La question est de savoir si « ne pas oublier » permettra à l’histoire de ne pas être un éternel recommencement.
La communauté internationale a-t-elle compris que son attitude, sa non réaction, a coûté la vie à près d’un million de personnes ? Et surtout que cela la rend responsable, et même coupable, de ces atrocités ?
Rappel historique
Il est important de rappeler que les prémices de ces affrontements ethniques au Rwanda remontent aux années de la colonisation, plaçant d’emblée l’Occident au cœur du problème.
En effet, les Hutu et les Tutsi n’ont pas toujours été des tribus opposées.
Avant la colonisation, il n’y avait qu’une seule ethnie, le peuple des Banyarwanda, partageant la même langue, la même religion, le même territoire et les mêmes coutumes.

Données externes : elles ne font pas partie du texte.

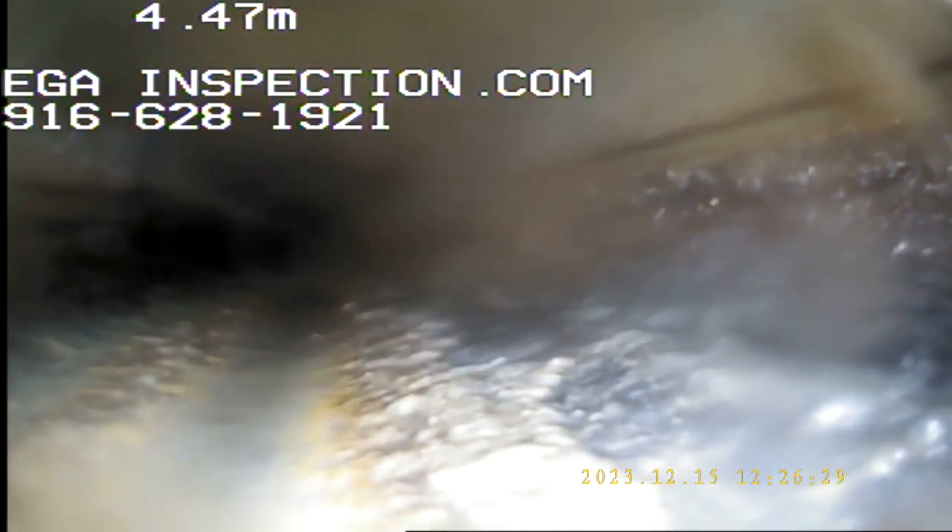It looks like we've got black ABS pipe here. It's all ABS, believed to be from 1975. It's kind of hard to see. We've got some sludge in there.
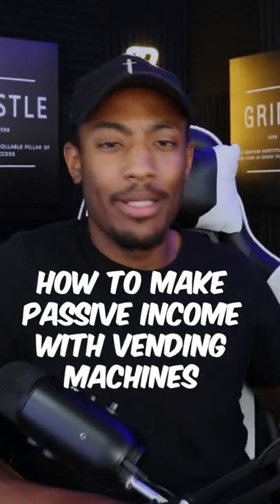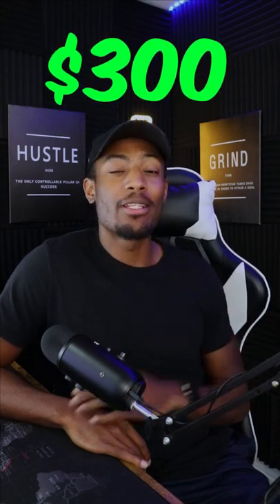How to make passive income with a vending machine business, and it's a lot easier than you think. The first thing you need to do is gather up about $300 in order to buy a vending machine on eBay. That's right, all you need is $300.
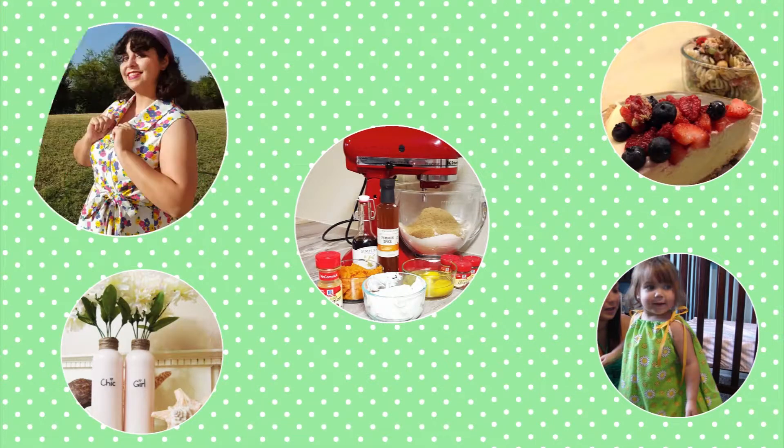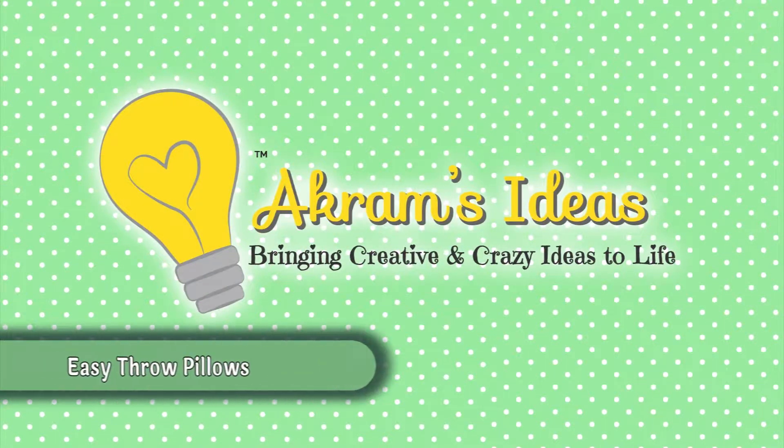In this episode of Akram's Ideas, I'm going to show you how to make these adorable throw pillows. Hello and welcome! I'm Akram Tagovie Burris and you're watching Akram's Ideas, bringing creative and crazy ideas to life!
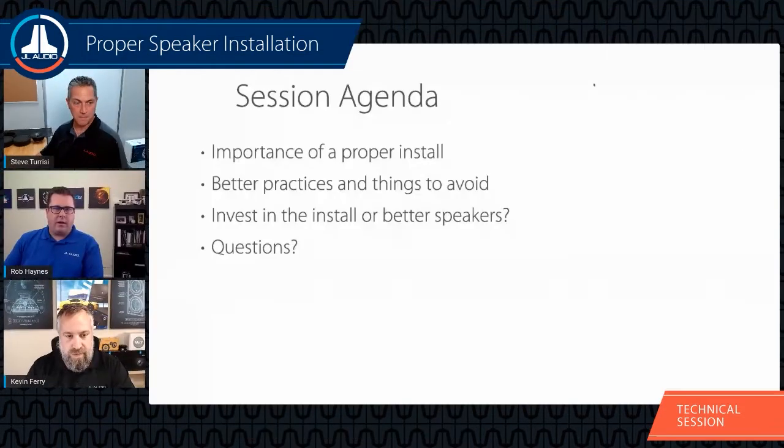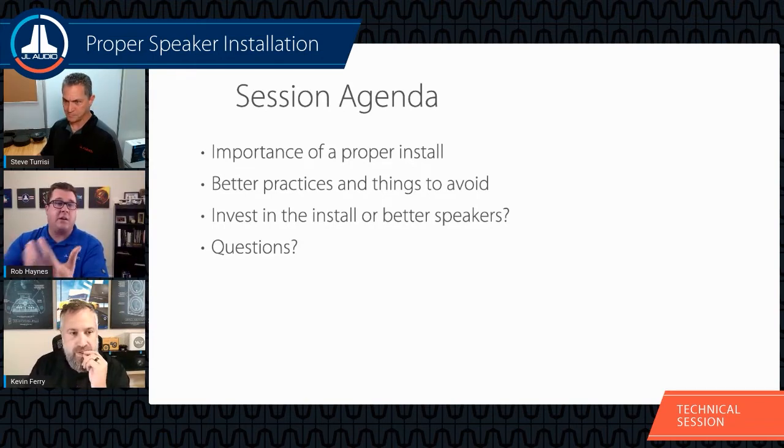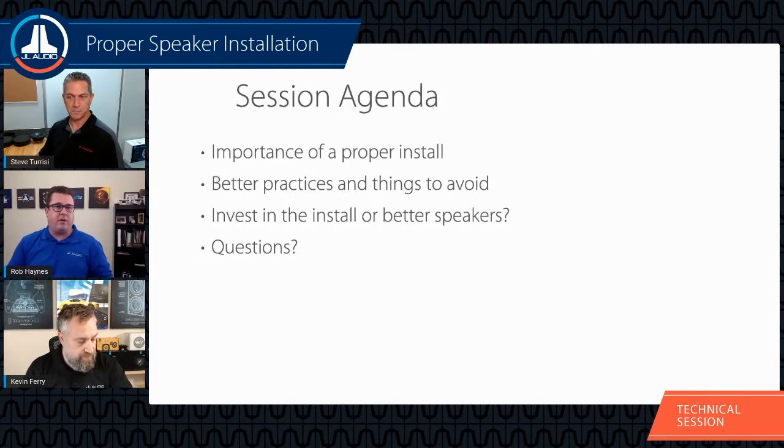Today's subject is proper speaker installation — a really important topic. We've talked a lot throughout our online training sessions about how to properly set up amplifiers and subwoofer enclosure design, and now we're moving to our loudspeaker category. Whether it's an entry-level C1 product or all the way up to C7, every speaker deserves the same installation treatment to ensure you're truly getting everything out of it.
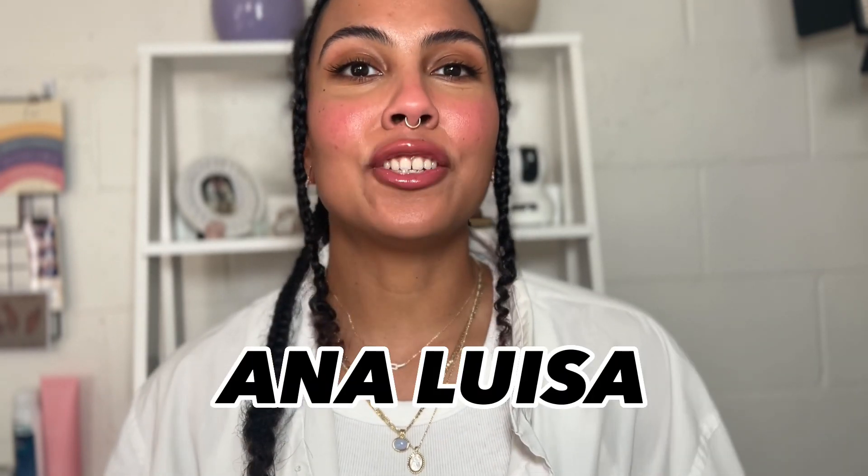Hi guys, welcome back to my channel. For today's video we're going to be reviewing a brand that I have been obsessed with lately. It is Ana Luisa, a jewelry brand that we all know and love. If you want to hear my opinions and talk about the pieces that I'm wearing, then please keep on watching.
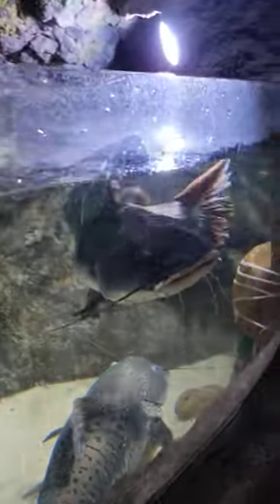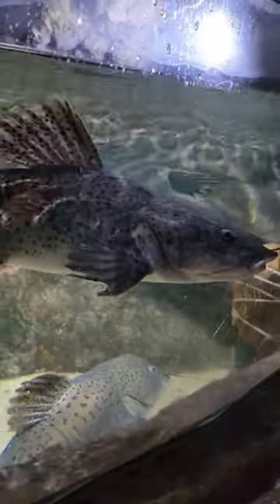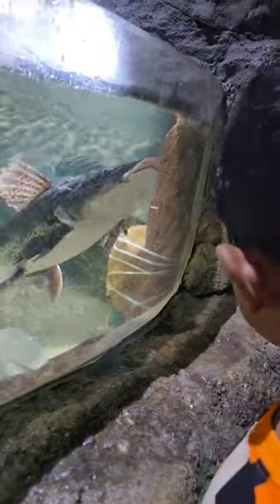It's a shovel nose. It's a shovel nose catfish. It's a beetle catfish. It's not a beetle catfish.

Cette ethnie était certes divisée, non pas en tribus, mais en catégories socio-économiques qui ne s’affrontaient pas. Il n’était pas, alors, question de domination ou de pouvoir.

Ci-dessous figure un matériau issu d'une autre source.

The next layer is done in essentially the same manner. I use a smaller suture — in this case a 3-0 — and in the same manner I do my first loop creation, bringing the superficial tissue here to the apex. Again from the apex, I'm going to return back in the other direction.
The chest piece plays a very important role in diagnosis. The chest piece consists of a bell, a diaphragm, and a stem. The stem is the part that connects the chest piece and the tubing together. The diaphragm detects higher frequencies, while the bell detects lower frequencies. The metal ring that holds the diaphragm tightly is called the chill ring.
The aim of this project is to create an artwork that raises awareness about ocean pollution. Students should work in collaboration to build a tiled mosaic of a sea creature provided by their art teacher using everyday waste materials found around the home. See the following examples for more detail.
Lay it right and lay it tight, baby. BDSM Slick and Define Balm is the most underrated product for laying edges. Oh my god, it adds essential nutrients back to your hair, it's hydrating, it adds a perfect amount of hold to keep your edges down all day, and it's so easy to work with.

Mais en 1930, alors que la colonisation belge dure depuis le début du siècle, les Tutsi sont déclarés « race supérieure ».
Après 1945, une « carte d’immatriculation » est instaurée, mentionnant l’ethnie Hutu, Tutsi ou Twa, ce qui ne fait qu’accentuer les divisions au sein de la population rwandaise.

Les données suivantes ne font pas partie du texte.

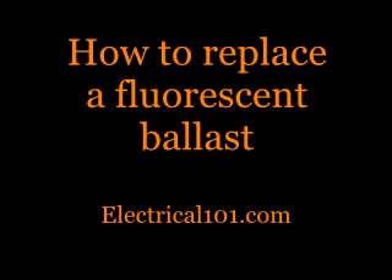How to replace a fluorescent ballast by electrical101.com. This video will show how to replace a T12 magnetic ballast with a T8 electronic ballast.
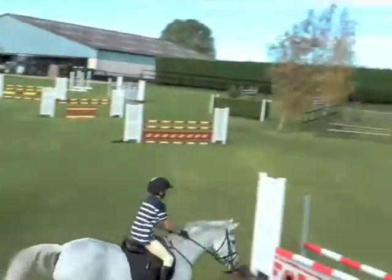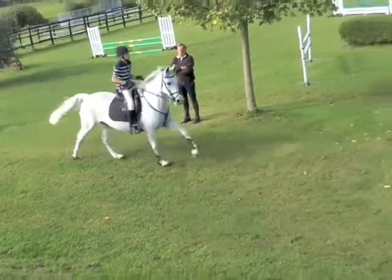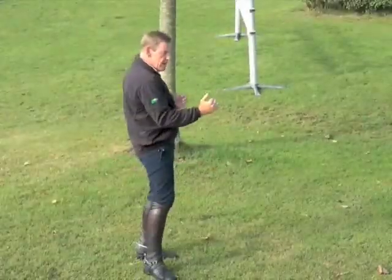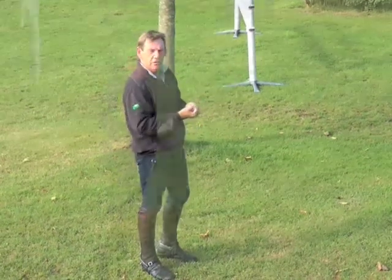One, two, three, four, five. One, two, three, four, five. Four strides there — sorry, five strides there and he's just gone on four. He can straight away tell that he didn't hold enough.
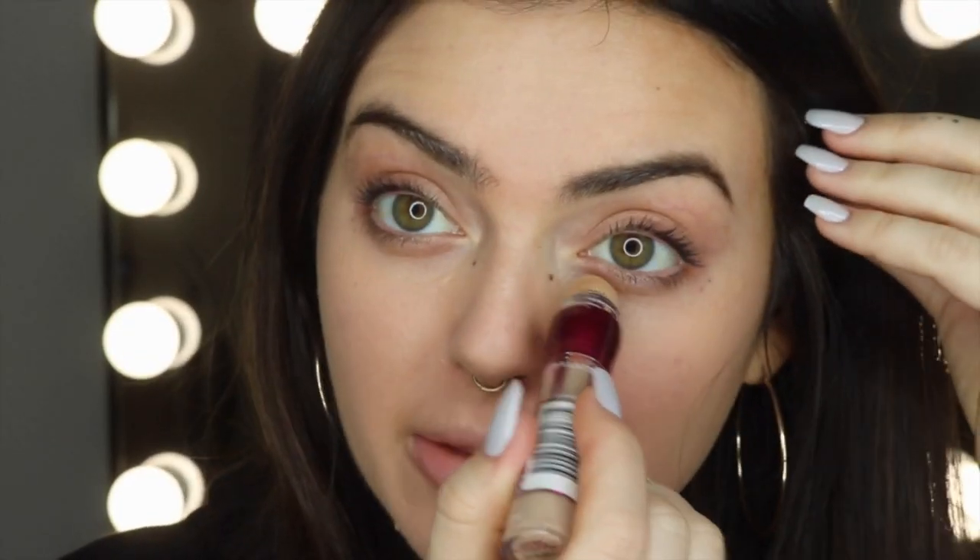I'm now moving on to the Superstay Full Coverage Foundation. This is in the shade 28 Soft Beige and I'm going to be putting the tiniest bit of that around my whole face. Now I'm going in with my Age Rewind Concealer — this is in the shade Medium — and I'm just going to put a little bit of that underneath my eyes and then blend it out with the same brush.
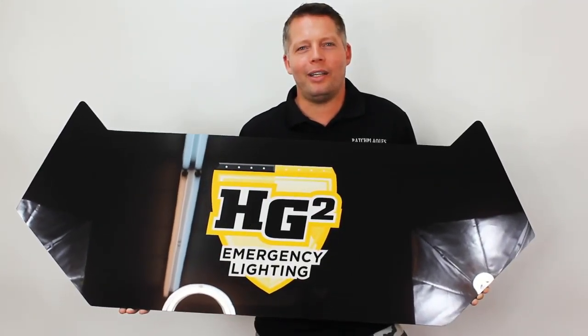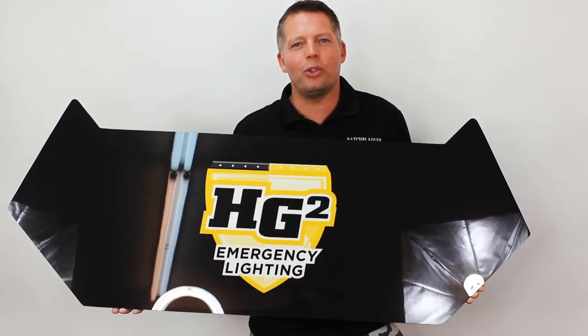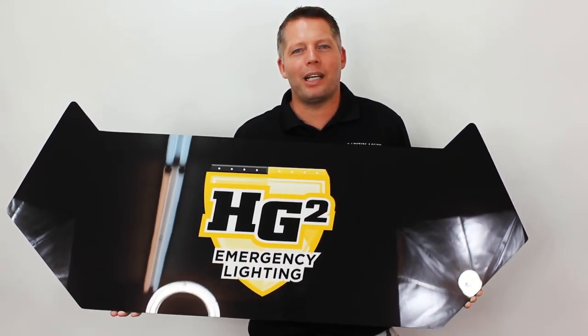You can order online or call us at 1-888-670-2130. Patchplags.com.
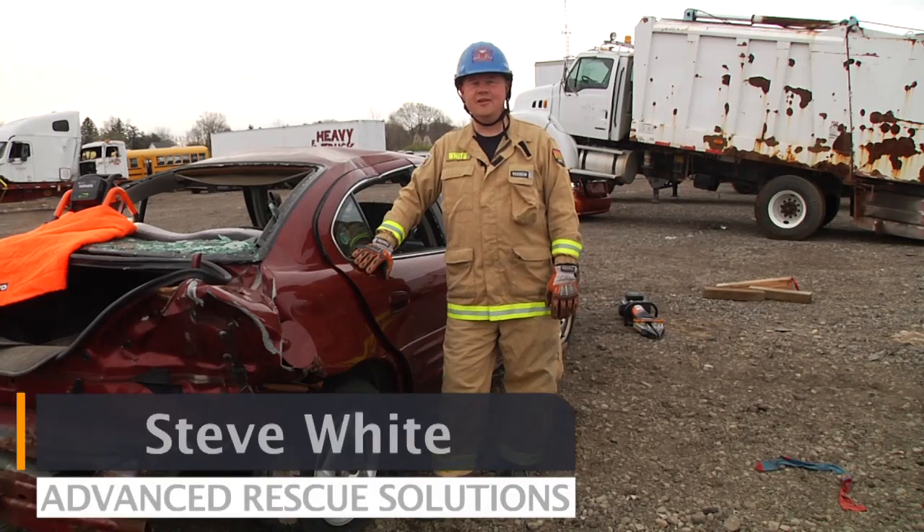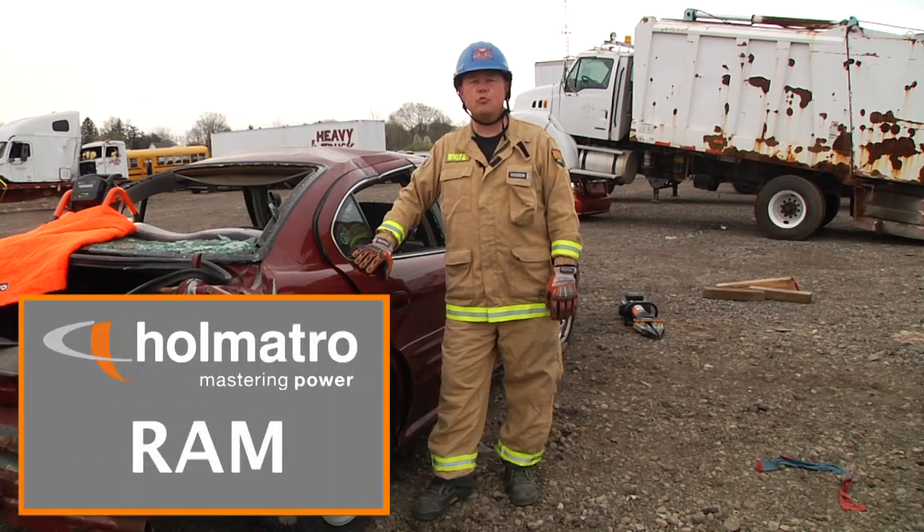Welcome to Homatro's Quick Cuts. I'm Steve White with Advanced Rescue Solutions. In this scenario, we're going to do cross-ramming with a Homatro Ram.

A la fin des années 50, les Tutsi commencent à se rebeller pour réclamer l’indépendance du pays et la laïcité (la religion catholique avait été imposée par la colonisation).
Les ecclésiastiques, plus proches du peuple que leurs prédécesseurs, accordent à présent leur préférence aux Hutu. En effet, plus petits, plus trapus que les Tutsi, ceux-ci semblent plus représenter le peuple qu’une élite. Peu à peu, les colonisateurs décident de promouvoir la suprématie des Hutu en utilisant comme argument le fait qu’ils soient majoritaires.
Ainsi sont nées les véritables tensions entre ces deux groupes. Pour la première fois, la haine raciale s’installe au sein de la population rwandaise, ce qui mènera plus tard aux massacres que chacun sait.
N’oublions pas qu’avant ceux de 1994, qui furent certes les plus meurtriers, d’autres avaient eu lieu : lors des attaques d’octobre 90, de janvier-février 91, de mars 92 et de décembre 92-février 93, 2000 civils furent tués.
Les événements de 1994
Le 6 avril 1994, des massacres horribles perpétrés par les milices et l’armée rwandaise ont commencé à l’encontre des Tutsi et des Hutu modérés qui s’opposaient à l’élimination des Tutsi.
Cette date correspond à la mort du président Juvénal Habyariman. Son avion s’écrasa dans des circonstances non encore officiellement élucidées, mais plus qu’étranges.
Toutefois, cet événement ne fut qu’un élément déclencheur des événements à venir, et non la cause première comme certains l’ont affirmé.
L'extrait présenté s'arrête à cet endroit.